Rules-based monetary policy received special focus during Janet Yellen’s inaugural hearing and the second panel immediately following on which I was a witness. In fact, the Chairman of the Committee, Jeb Hensarling, devoted a good part of his opening questioning of both Yellen and me to the subject, so the hearing transcripts will offer a rare opportunity to contrast different sides in the debate over whether it was appropriate to deviate from rules-based policy in recent years.
In his opening line of questions on why the Fed has deviated from a rules-based policy, Hensarling quoted from FOMC transcripts going back to January 1995 in which Janet Yellen said referring to the Taylor rule that “following such a rule…is what sensible central bankers do.”
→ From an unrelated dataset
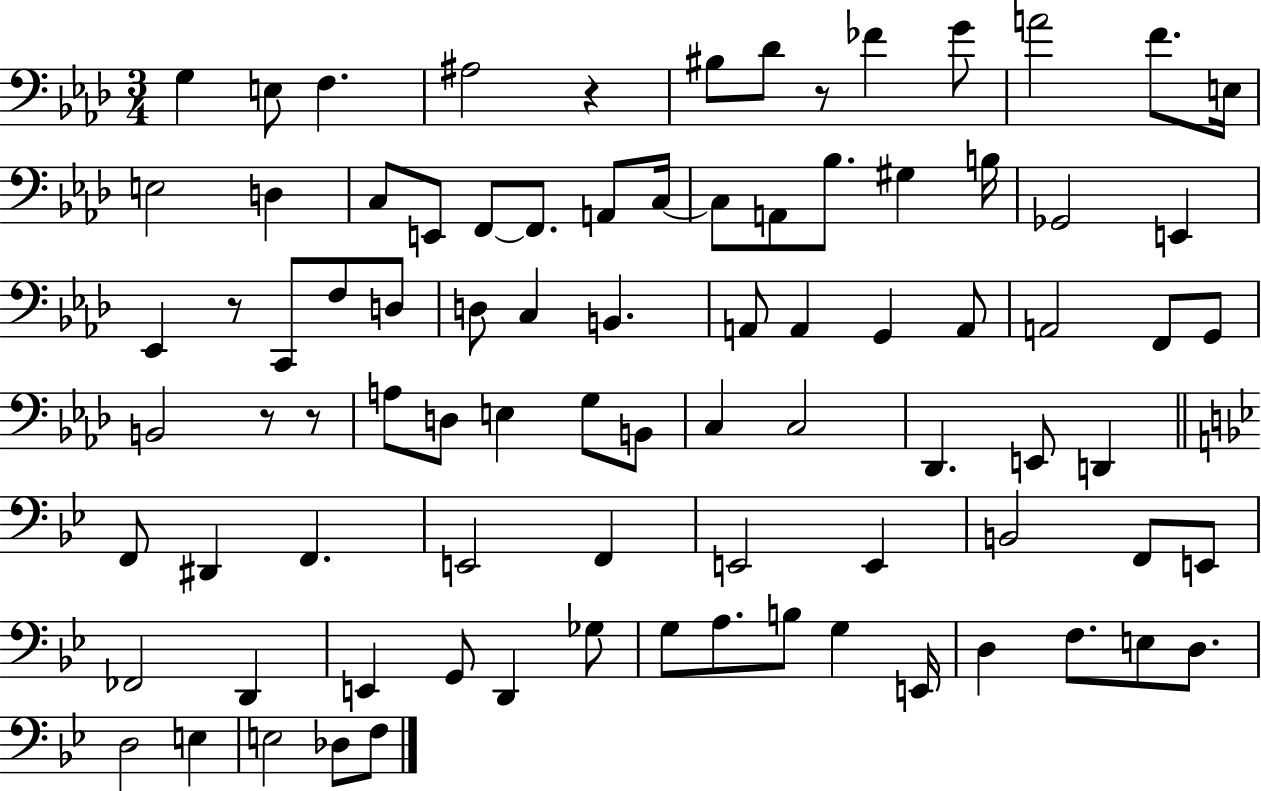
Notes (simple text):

A key part of Janet Yellen’s response was: “I have tried to argue and believe strongly that while a Taylor Rule…or something like it…provides a sensible approach in more normal times like the Great Moderation, under current conditions when this economy has severe headwinds from the financial crisis and has not been able to move the funds rate into negative territory that rule would have prescribed, that we need to follow a different approach and we are attempting through our forward guidance to be as systematic and predictable as we can possibly be…”
Having listened to this back and forth, I decided that when the time came for the second panel I would simply open with a 5-minute case for sticking to policy rules in recent years, instead of a 5-minute summary of my written testimony as I had planned and as is customary.
So after being recognized I opened as follows (as transcribed from a C-SPAN video clip):
“I would like to use my opening remarks to refer back to the initial set of questions and answers to Chair Yellen that you began with. They have to do with the role of policy rules in formulating of monetary policy. It seems to me that the case can be made that monetary policy would have been far better in the last few years had it been based on a predictable set of policy rules. Moreover I think that if policy moved in that direction we would more quickly move to a more sustainable higher growth rate. There has been a tremendous amount of research and historical work on policy rules. There continues to be interest to what you referred to as the Taylor rule, based on research of many people over many years, not just me. This research has indicated that when the Fed has followed rules close to that, performance has been very good. Historian Allan Meltzer in particular notes the period from 1985 to 2003 as one when the performance of the U.S. economy was extraordinarily good in historical comparison and that was a period when the Fed adhered pretty closely to one of these rules. I think if in the last 10 years policy had been guided this way, the performance would have been much better. If during 2003, 2004, and 2005, the Fed had followed a rule like this, we would not have had the excess risk taking, we would not have had the search for yield, we would not have had as much of a housing boom as we had, and therefore the financial crisis and the great recession would have been much less severe. If during the period since the financial crisis, the Fed had adhered to this kind of a policy rule, we would not have had to have the quantitative easing that has been so questionable, we would not have had to have the forward guidance that has been so debatable in its effects and the predictability of the economy I think would have been much better and therefore economic growth would have been better in those circumstances. And I want to emphasize such a rule would certainly not preclude the very important actions the Fed took during the panic of 2008, its classic lender of last resort role which helps stabilize the financial markets.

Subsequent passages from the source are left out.